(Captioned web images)
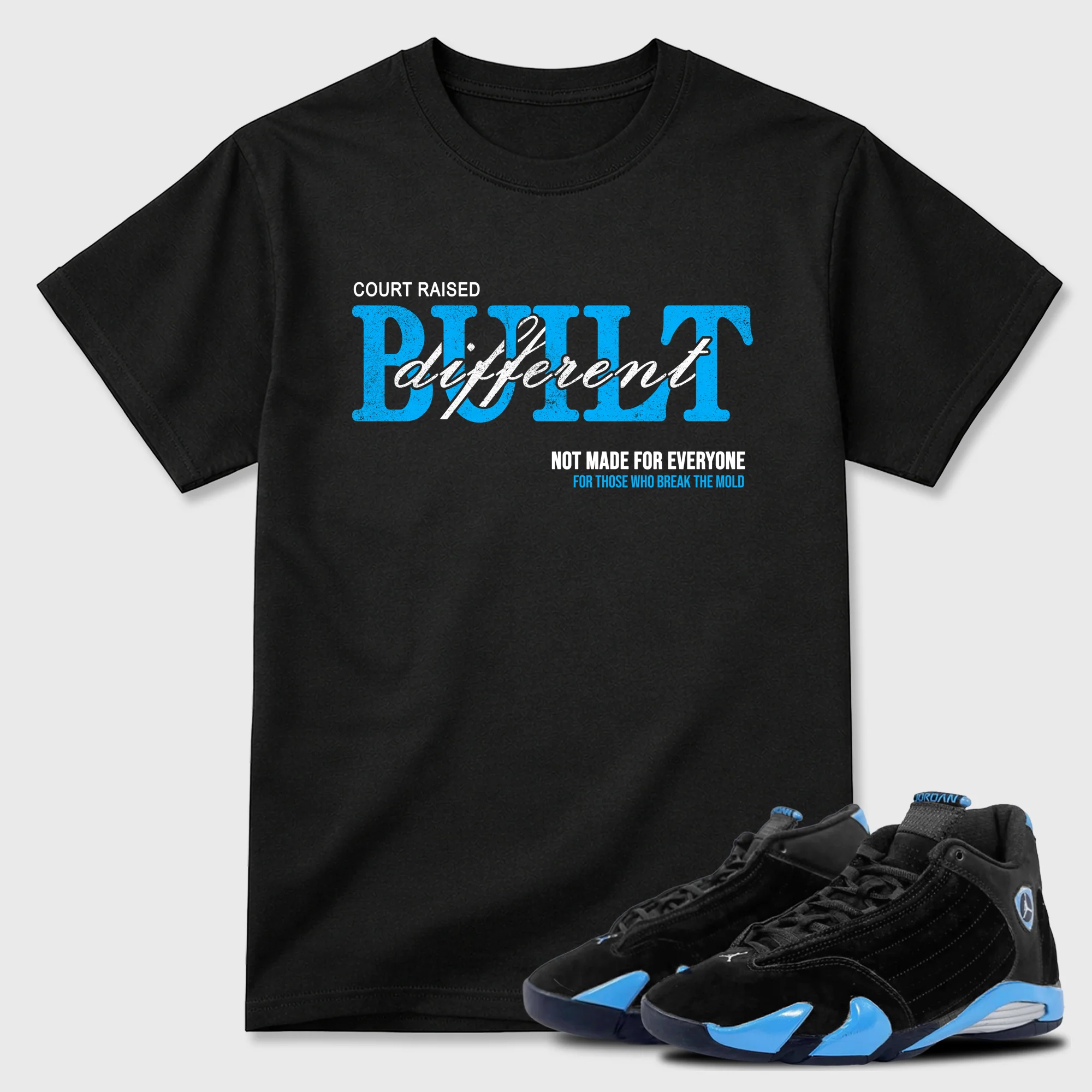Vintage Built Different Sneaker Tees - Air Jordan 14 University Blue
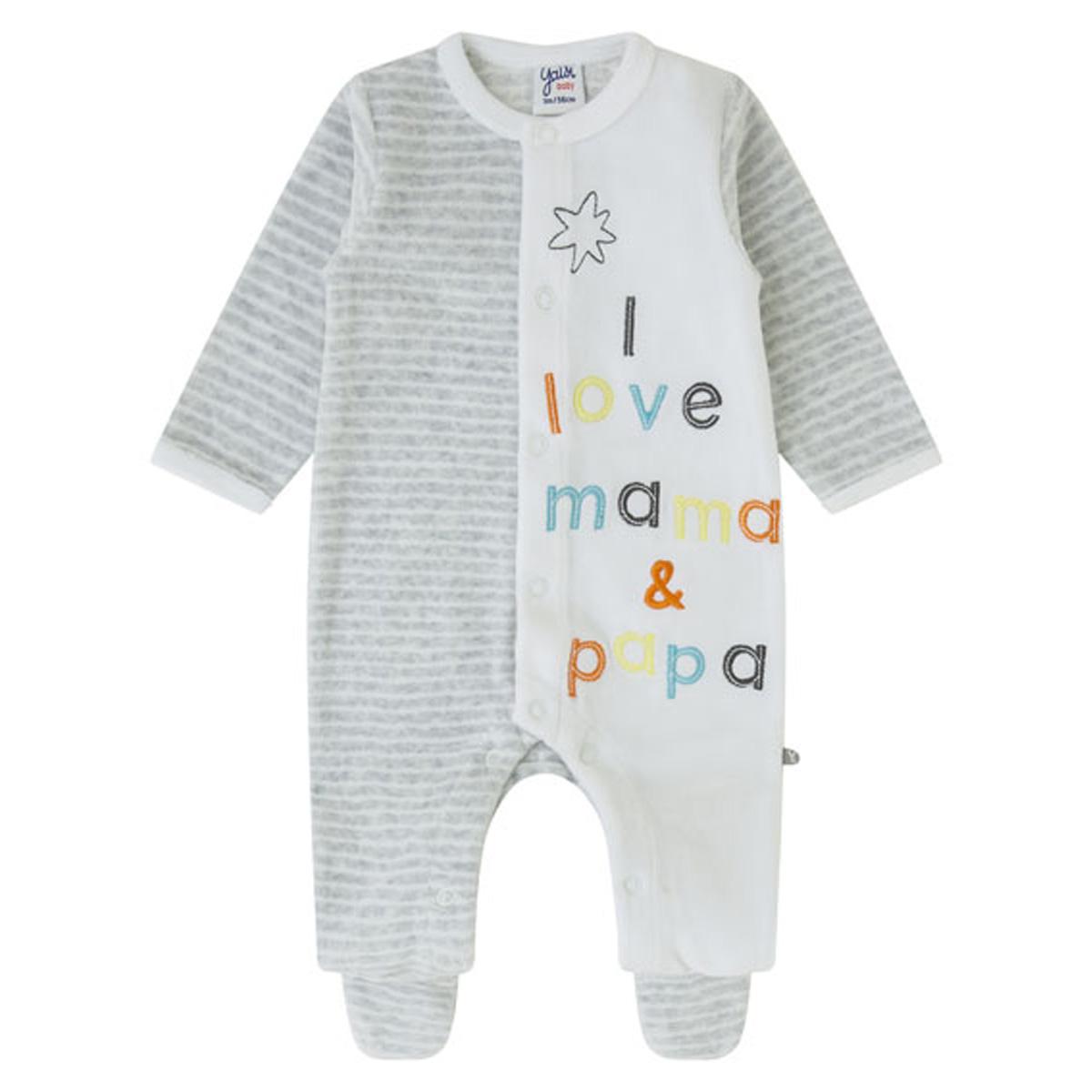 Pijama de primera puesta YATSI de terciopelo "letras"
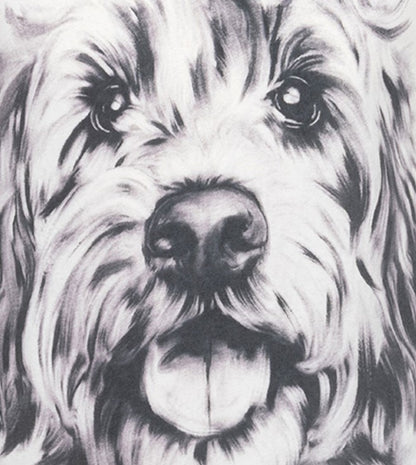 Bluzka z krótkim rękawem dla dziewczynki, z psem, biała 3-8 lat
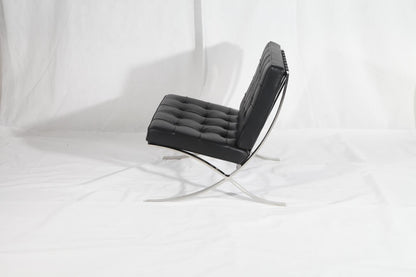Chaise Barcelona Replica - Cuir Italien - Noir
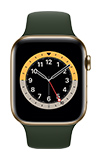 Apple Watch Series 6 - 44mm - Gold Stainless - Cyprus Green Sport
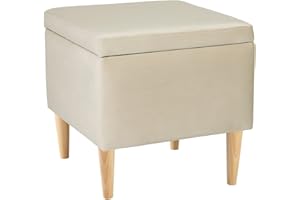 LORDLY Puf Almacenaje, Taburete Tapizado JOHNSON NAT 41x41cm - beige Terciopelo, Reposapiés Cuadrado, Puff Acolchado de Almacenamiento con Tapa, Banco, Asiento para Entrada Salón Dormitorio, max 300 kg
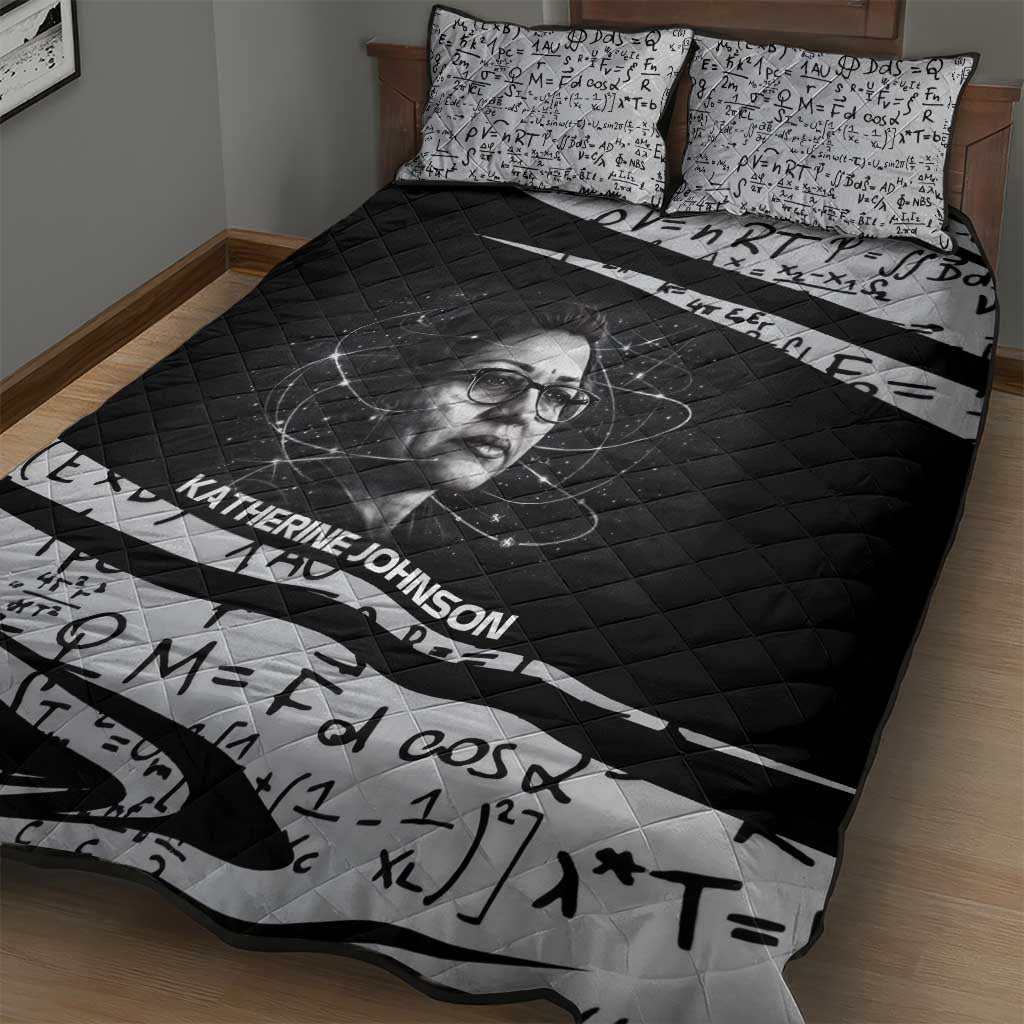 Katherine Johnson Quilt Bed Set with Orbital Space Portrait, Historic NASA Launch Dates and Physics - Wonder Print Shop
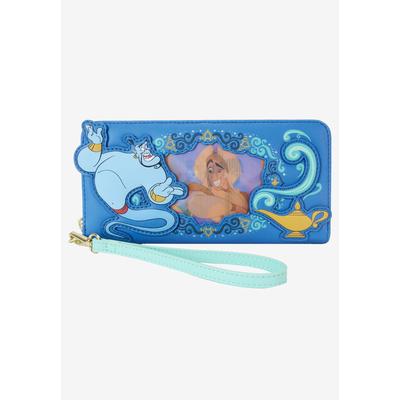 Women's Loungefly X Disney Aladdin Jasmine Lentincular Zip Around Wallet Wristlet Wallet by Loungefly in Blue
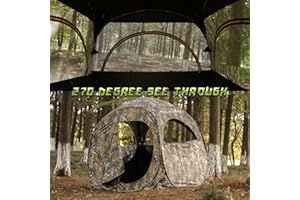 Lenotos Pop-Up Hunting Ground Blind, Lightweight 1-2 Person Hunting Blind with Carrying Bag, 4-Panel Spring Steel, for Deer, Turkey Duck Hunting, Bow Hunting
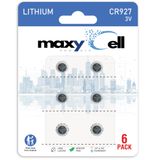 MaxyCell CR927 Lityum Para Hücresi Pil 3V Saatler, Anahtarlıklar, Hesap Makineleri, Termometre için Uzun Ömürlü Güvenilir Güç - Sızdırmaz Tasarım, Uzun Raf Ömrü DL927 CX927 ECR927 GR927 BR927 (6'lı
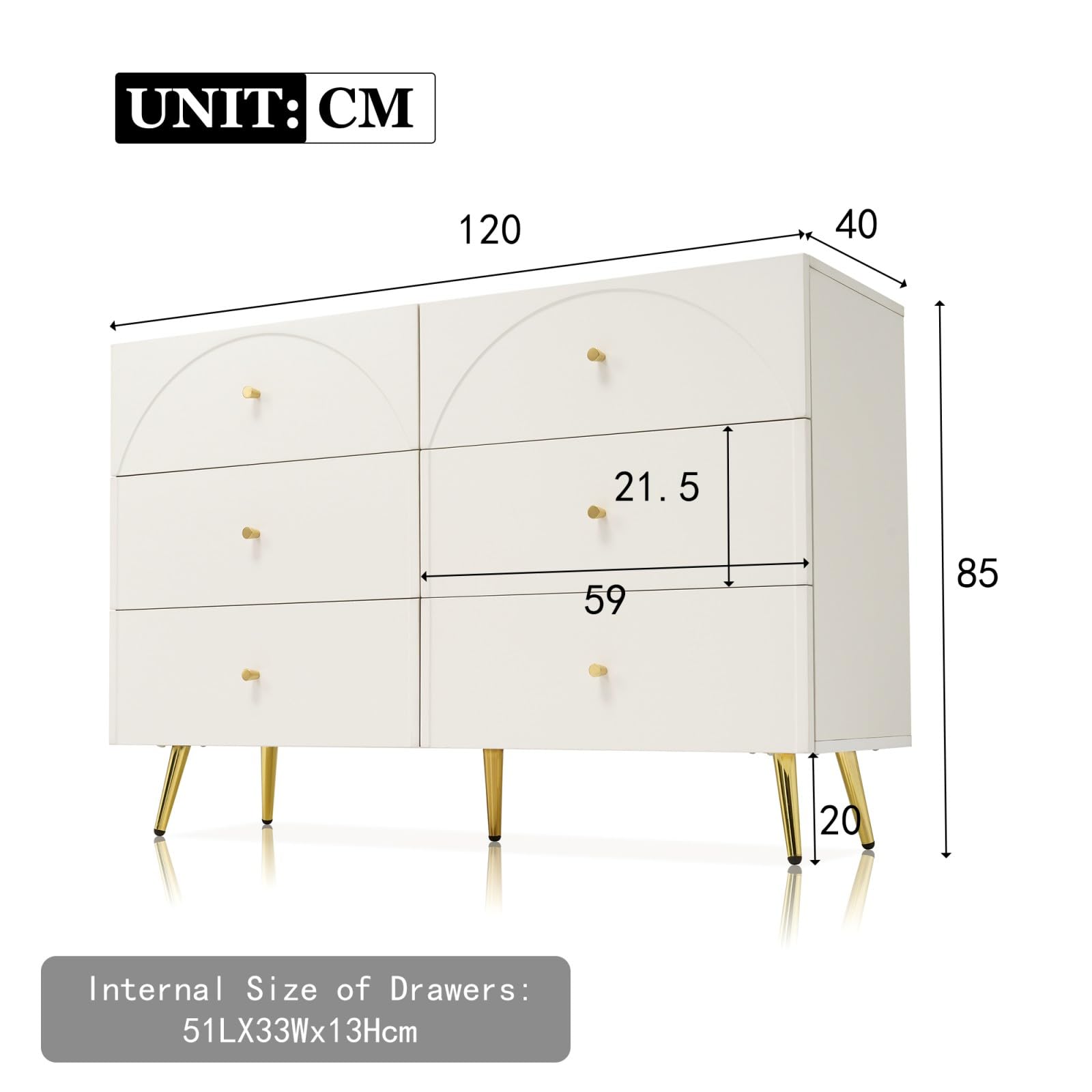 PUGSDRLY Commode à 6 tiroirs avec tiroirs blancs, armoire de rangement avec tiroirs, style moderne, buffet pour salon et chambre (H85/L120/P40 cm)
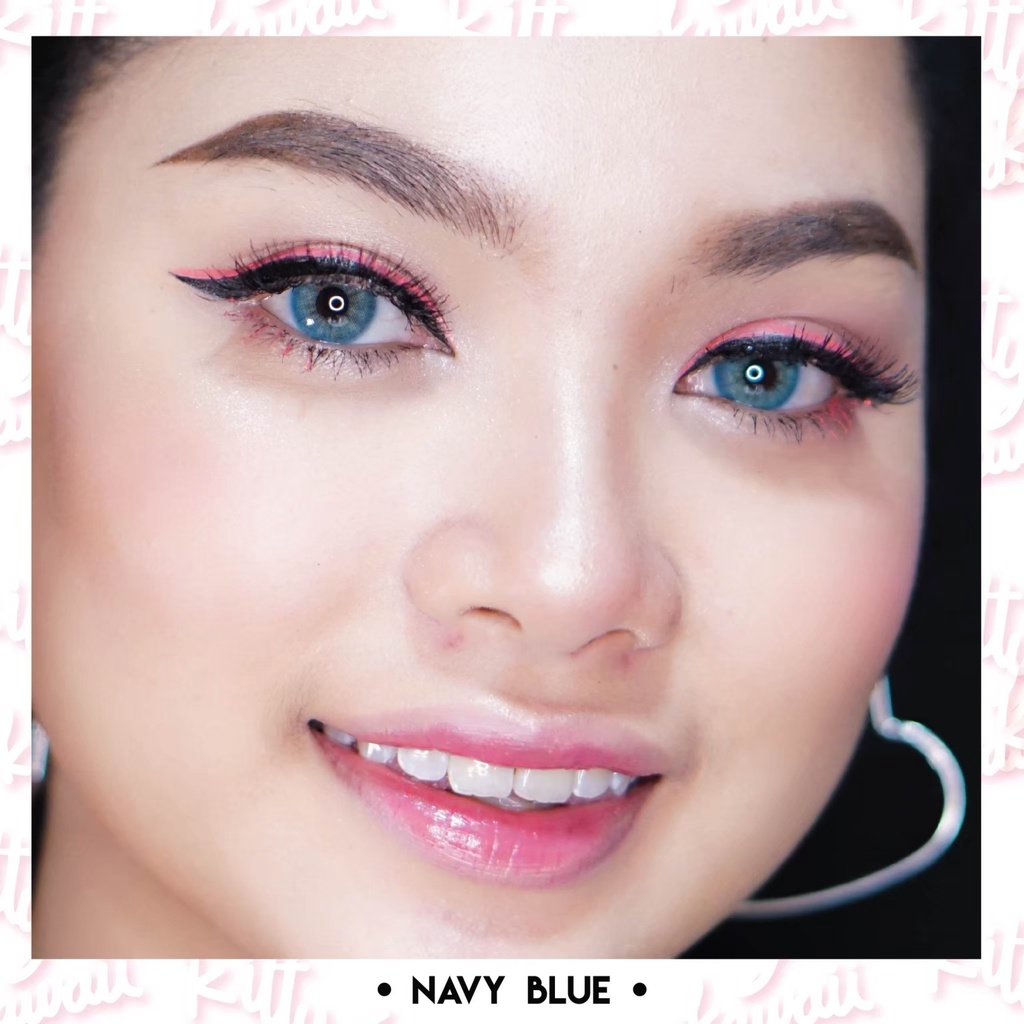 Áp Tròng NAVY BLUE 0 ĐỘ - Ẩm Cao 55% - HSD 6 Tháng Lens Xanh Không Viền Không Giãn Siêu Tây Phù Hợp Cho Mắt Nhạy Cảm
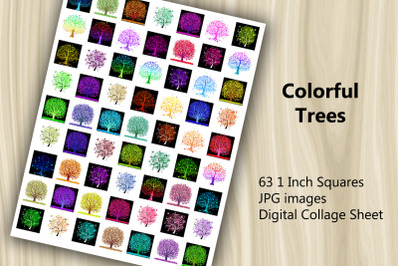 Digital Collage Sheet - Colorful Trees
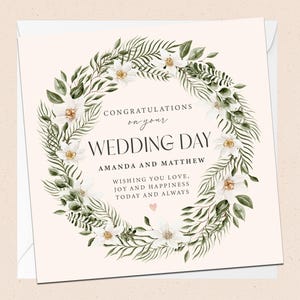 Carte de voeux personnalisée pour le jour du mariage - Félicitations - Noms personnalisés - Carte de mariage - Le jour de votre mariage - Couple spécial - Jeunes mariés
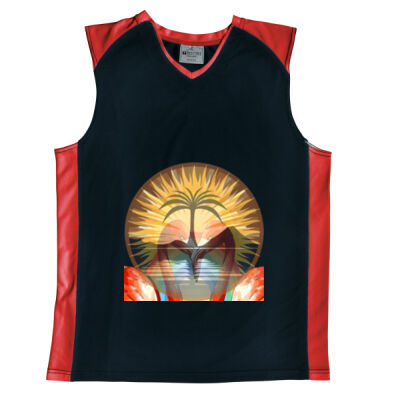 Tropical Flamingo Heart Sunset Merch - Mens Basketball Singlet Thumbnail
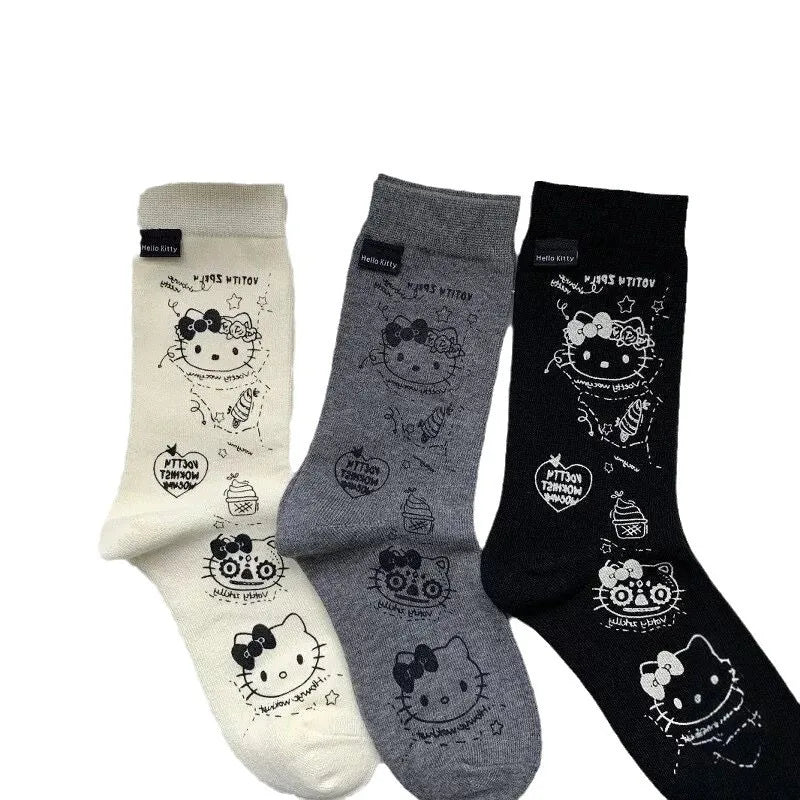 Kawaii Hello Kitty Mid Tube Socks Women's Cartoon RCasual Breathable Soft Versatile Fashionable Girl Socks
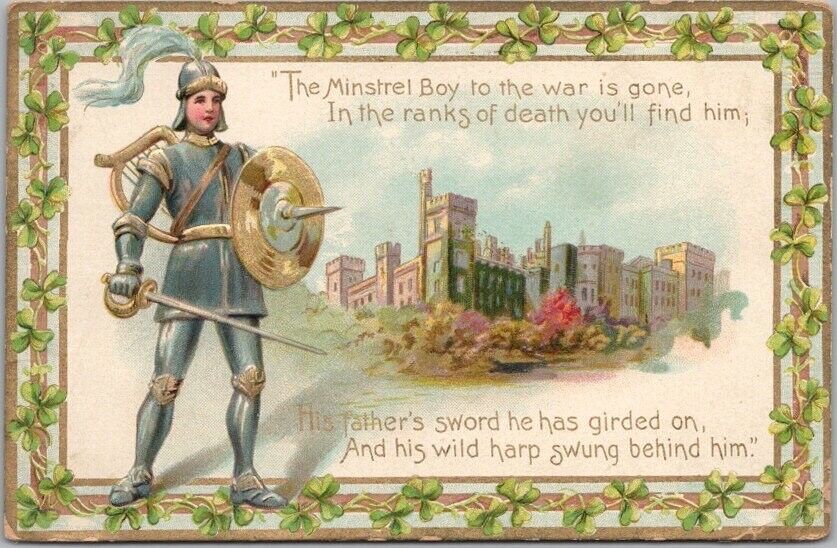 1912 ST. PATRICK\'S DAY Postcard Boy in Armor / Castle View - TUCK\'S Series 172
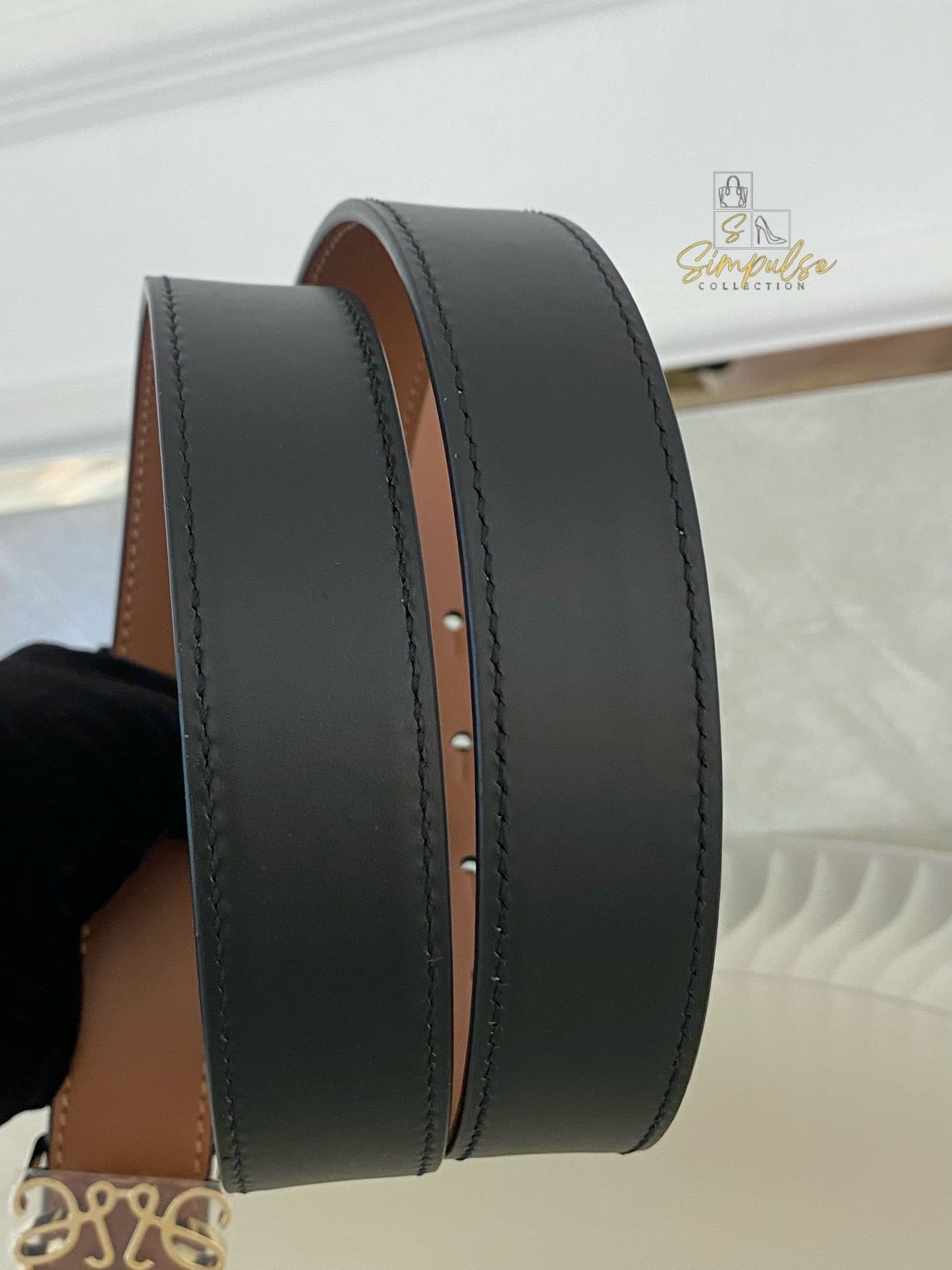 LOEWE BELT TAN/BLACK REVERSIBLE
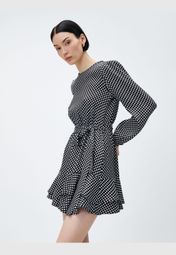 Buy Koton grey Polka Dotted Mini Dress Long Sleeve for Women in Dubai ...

== Assignment ==
Could you output the full set of entries exactly, skipping every picture?

== Task answer ==
Vintage Built Different Sneaker Tees - Air Jordan 14 University Blue
 Pijama de primera puesta YATSI de terciopelo "letras"
 Bluzka z krótkim rękawem dla dziewczynki, z psem, biała 3-8 lat
Chaise Barcelona Replica - Cuir Italien - Noir
 Apple Watch Series 6 - 44mm - Gold Stainless - Cyprus Green Sport
 LORDLY Puf Almacenaje, Taburete Tapizado JOHNSON NAT 41x41cm - beige Terciopelo, Reposapiés Cuadrado, Puff Acolchado de Almacenamiento con Tapa, Banco, Asiento para Entrada Salón Dormitorio, max 300 kg
 Katherine Johnson Quilt Bed Set with Orbital Space Portrait, Historic NASA Launch Dates and Physics - Wonder Print Shop
 Women's Loungefly X Disney Aladdin Jasmine Lentincular Zip Around Wallet Wristlet Wallet by Loungefly in Blue
 Lenotos Pop-Up Hunting Ground Blind, Lightweight 1-2 Person Hunting Blind with Carrying Bag, 4-Panel Spring Steel, for Deer, Turkey Duck Hunting, Bow Hunting
 MaxyCell CR927 Lityum Para Hücresi Pil 3V Saatler, Anahtarlıklar, Hesap Makineleri, Termometre için Uzun Ömürlü Güvenilir Güç - Sızdırmaz Tasarım, Uzun Raf Ömrü DL927 CX927 ECR927 GR927 BR927 (6'lı
 PUGSDRLY Commode à 6 tiroirs avec tiroirs blancs, armoire de rangement avec tiroirs, style moderne, buffet pour salon et chambre (H85/L120/P40 cm)
 Áp Tròng NAVY BLUE 0 ĐỘ - Ẩm Cao 55% - HSD 6 Tháng Lens Xanh Không Viền Không Giãn Siêu Tây Phù Hợp Cho Mắt Nhạy Cảm
 Digital Collage Sheet - Colorful Trees
 Carte de voeux personnalisée pour le jour du mariage - Félicitations - Noms personnalisés - Carte de mariage - Le jour de votre mariage - Couple spécial - Jeunes mariés
 Tropical Flamingo Heart Sunset Merch - Mens Basketball Singlet Thumbnail
 Kawaii Hello Kitty Mid Tube Socks Women's Cartoon RCasual Breathable Soft Versatile Fashionable Girl Socks
 1912 ST. PATRICK\'S DAY Postcard Boy in Armor / Castle View - TUCK\'S Series 172
 LOEWE BELT TAN/BLACK REVERSIBLE
 Buy Koton grey Polka Dotted Mini Dress Long Sleeve for Women in Dubai ...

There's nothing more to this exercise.